═════ Dataset entries ═════
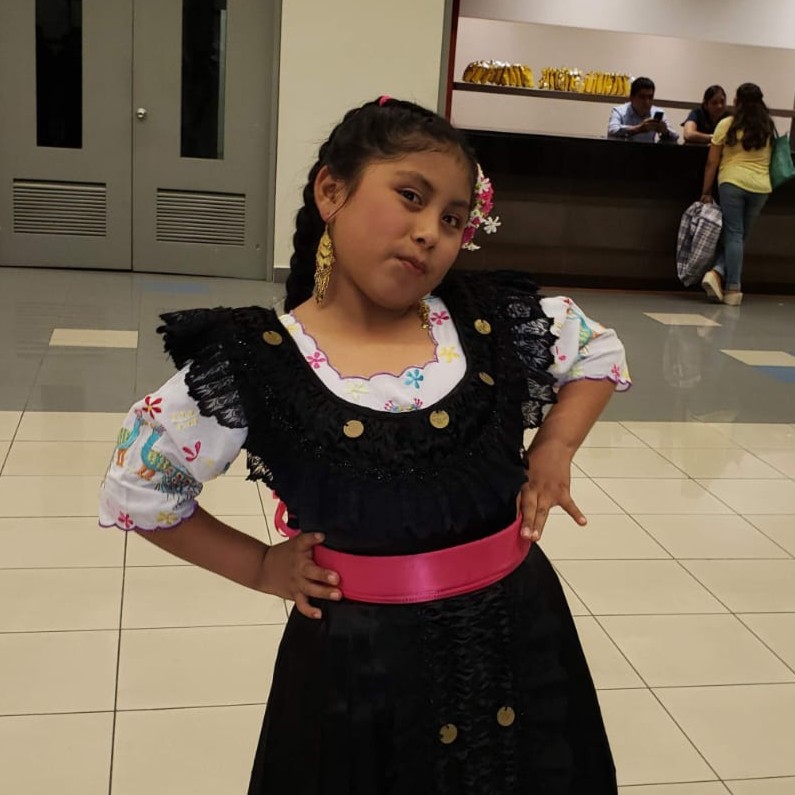 Recuerdo de Melany con vestido tradicional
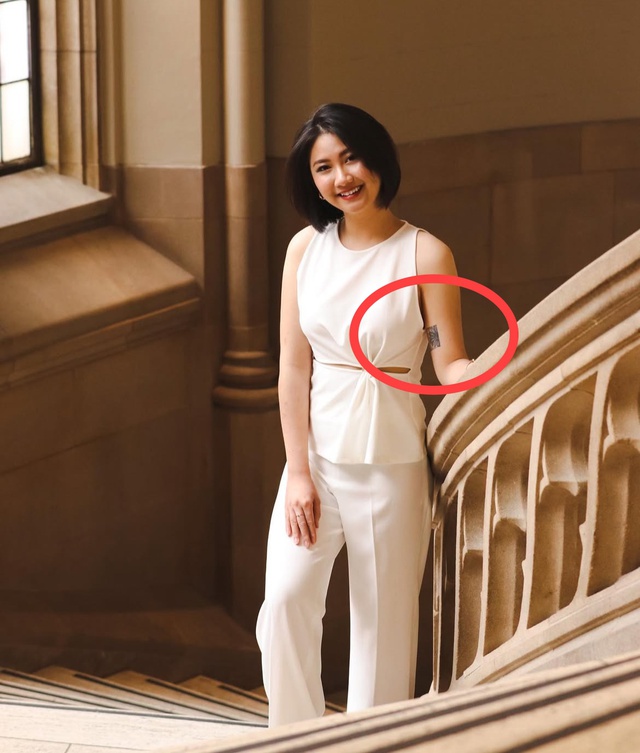 Tân Hoa hậu Hoàn vũ Việt Nam bị ném đá dữ dội vì có hình xăm lớn- Ảnh 1.
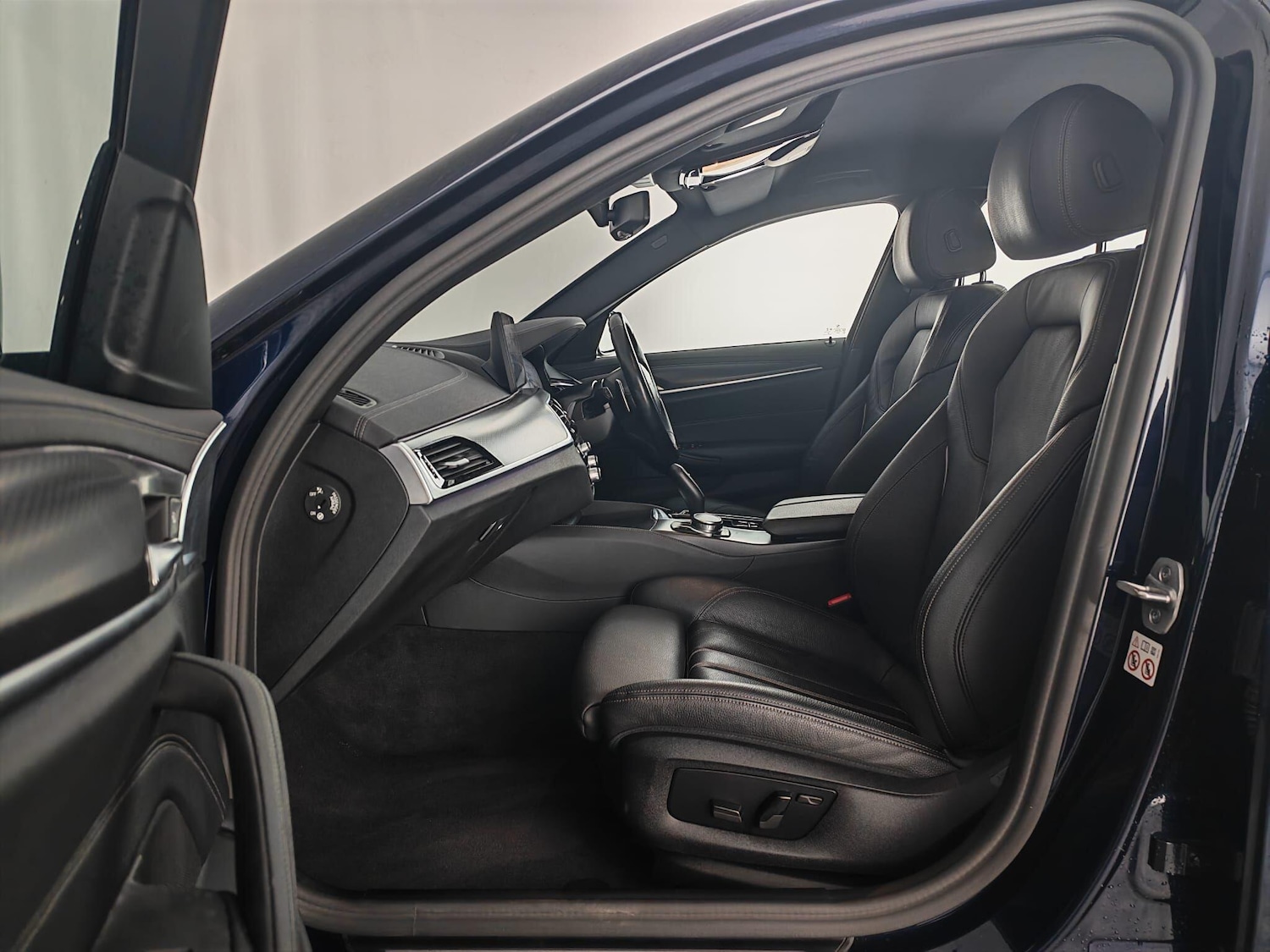 Used BMW 5 Series 2022 for sale - 76499374: Photo 11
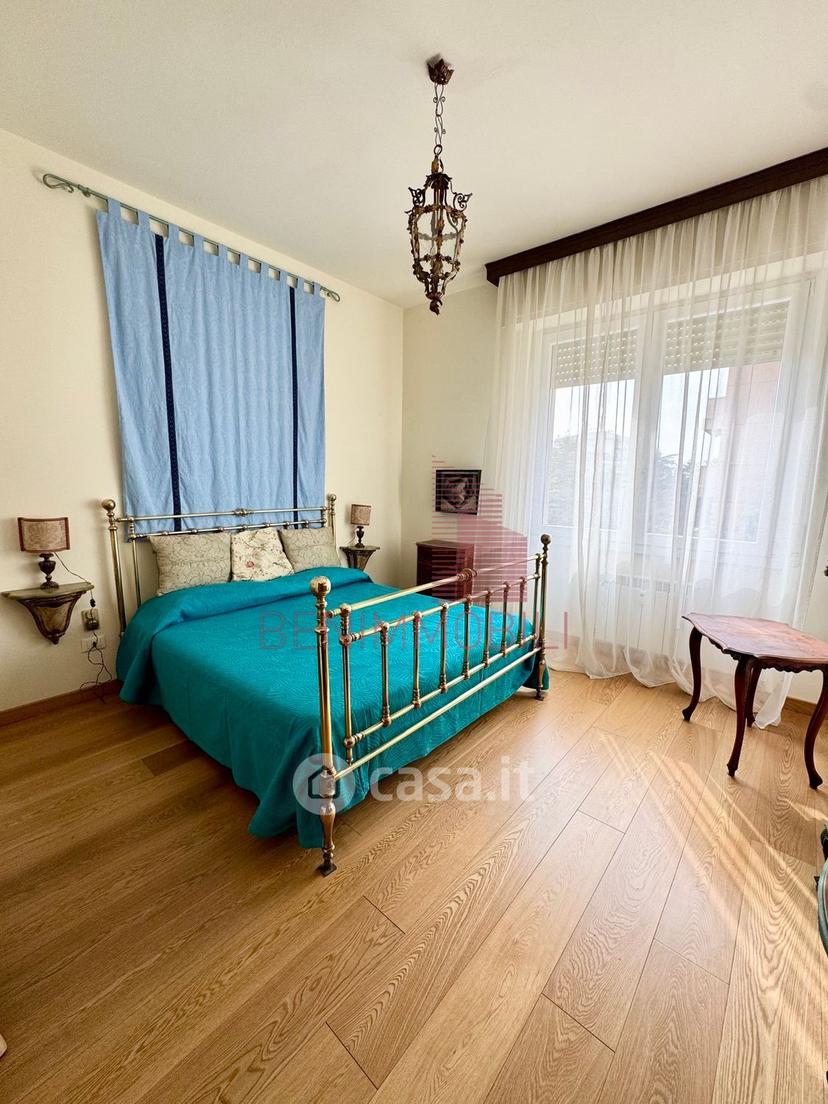 Quadrilocale in Via Rodi 58 — foto 17 di 19
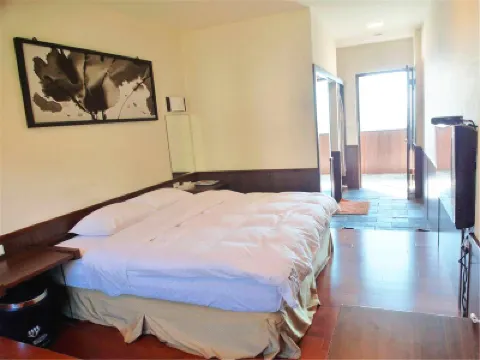 Cloud Residents Tea Places Hotels near Eryan Ping Trail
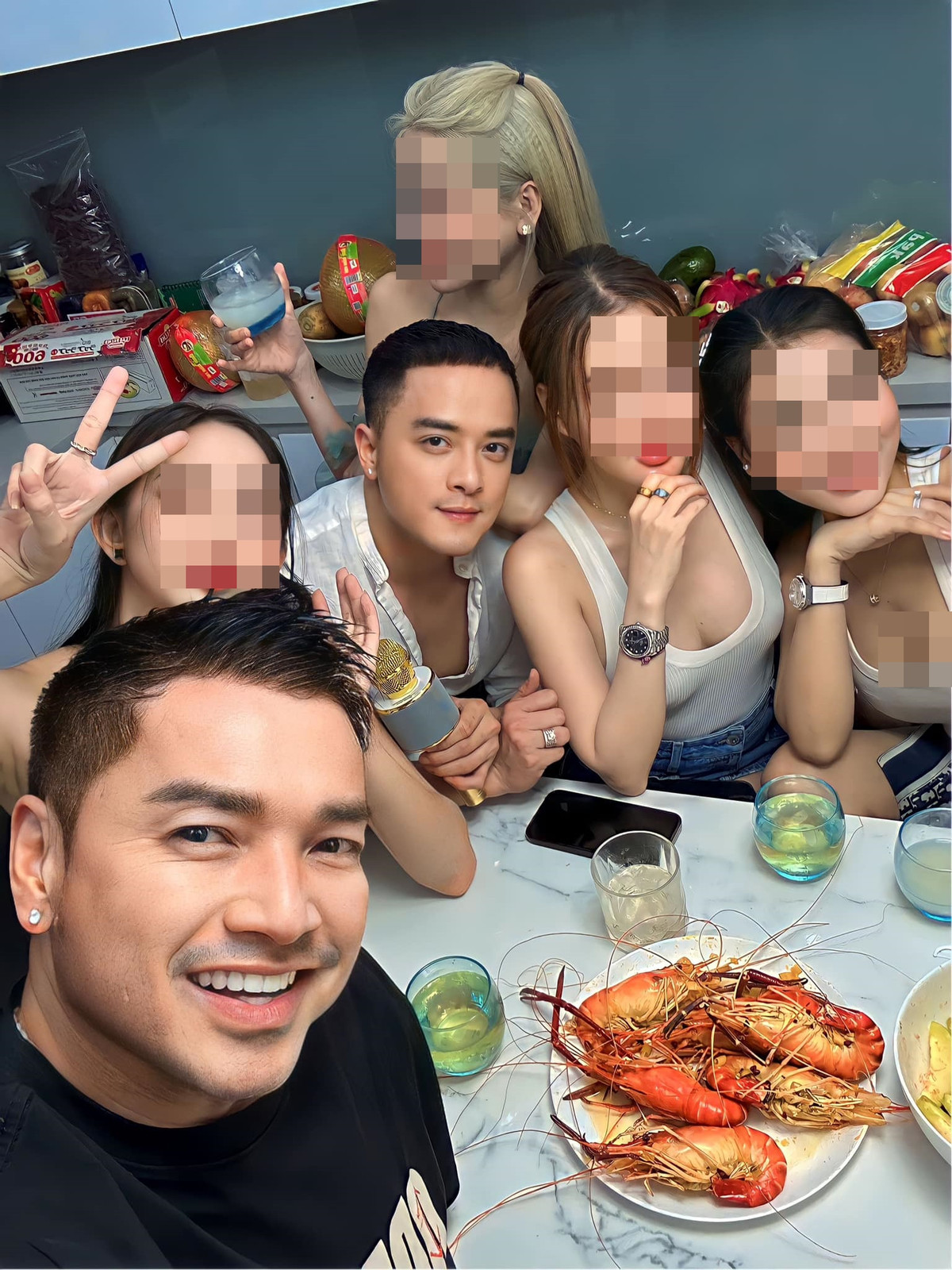 Dù hơn ca sĩ Cao Thái Sơn gần 30 tuổi nhưng khi chụp chung một khung hình, chồng cũ Hồng Đào trông chẳng mấy chênh lệch về tuổi tác so với đàn em.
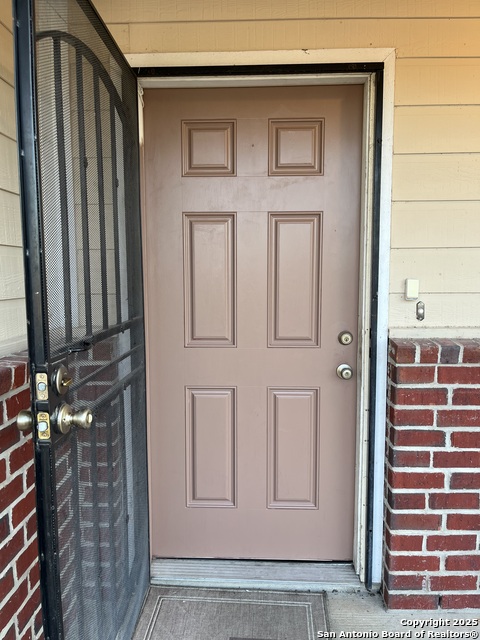 Image 17 of 17 For 2220 Laredo St S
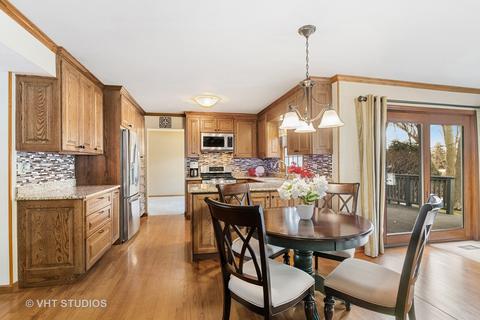 4917 Adele Dr, Gurnee, IL 60031 photo 4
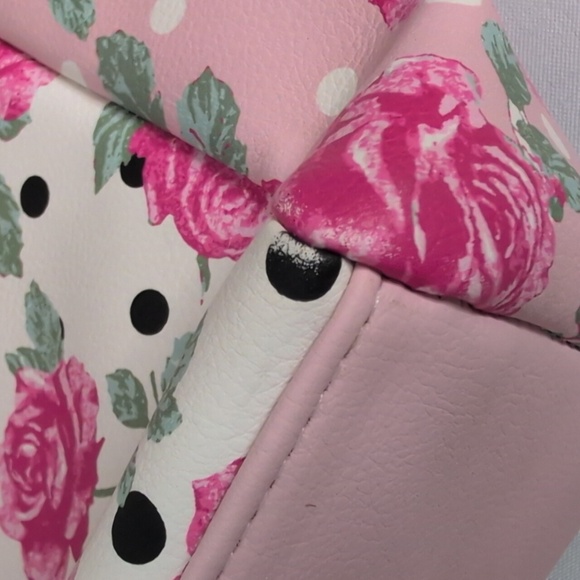 Betsey Johnson Pink Rose And Polka Dot Floral Handbag Tote Satchel EUC - Picture 12 of 12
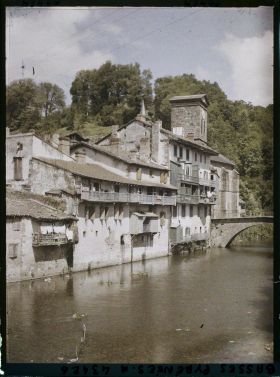 Image représentant France, St Jean Pied de Port, Vieilles Maisons au bord de l'eau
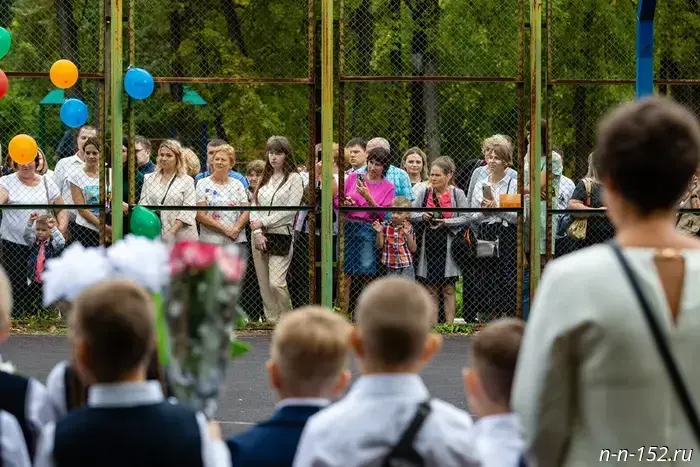 В нижегородской школе 1 сентября сразу двое родителей потеряли сознание.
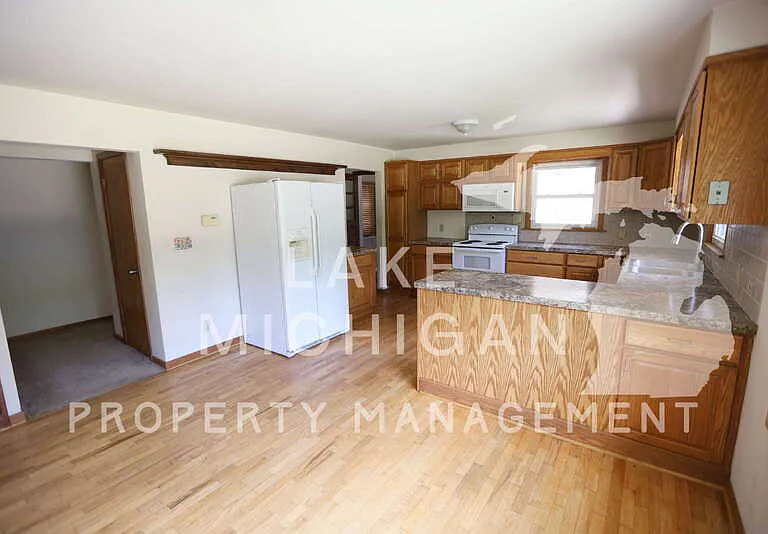 3108 Ottogan St — Photo 3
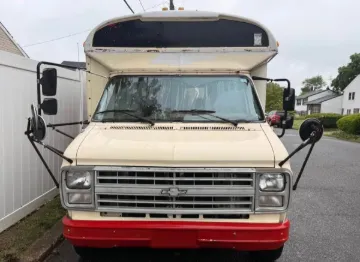 Picture of 1991 Chevrolet G-Series Shuttle Bus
═════
Exclude the pictures, and output exactly the lines from the one with "Quadrilocale in Via Rodi 58 — foto 17 di 19" through the last line of the records, both included.

• Completed exercise
 Quadrilocale in Via Rodi 58 — foto 17 di 19
 Cloud Residents Tea Places Hotels near Eryan Ping Trail
 Dù hơn ca sĩ Cao Thái Sơn gần 30 tuổi nhưng khi chụp chung một khung hình, chồng cũ Hồng Đào trông chẳng mấy chênh lệch về tuổi tác so với đàn em.
 Image 17 of 17 For 2220 Laredo St S
 4917 Adele Dr, Gurnee, IL 60031 photo 4
 Betsey Johnson Pink Rose And Polka Dot Floral Handbag Tote Satchel EUC - Picture 12 of 12
 Image représentant France, St Jean Pied de Port, Vieilles Maisons au bord de l'eau
 В нижегородской школе 1 сентября сразу двое родителей потеряли сознание.
 3108 Ottogan St — Photo 3
 Picture of 1991 Chevrolet G-Series Shuttle Bus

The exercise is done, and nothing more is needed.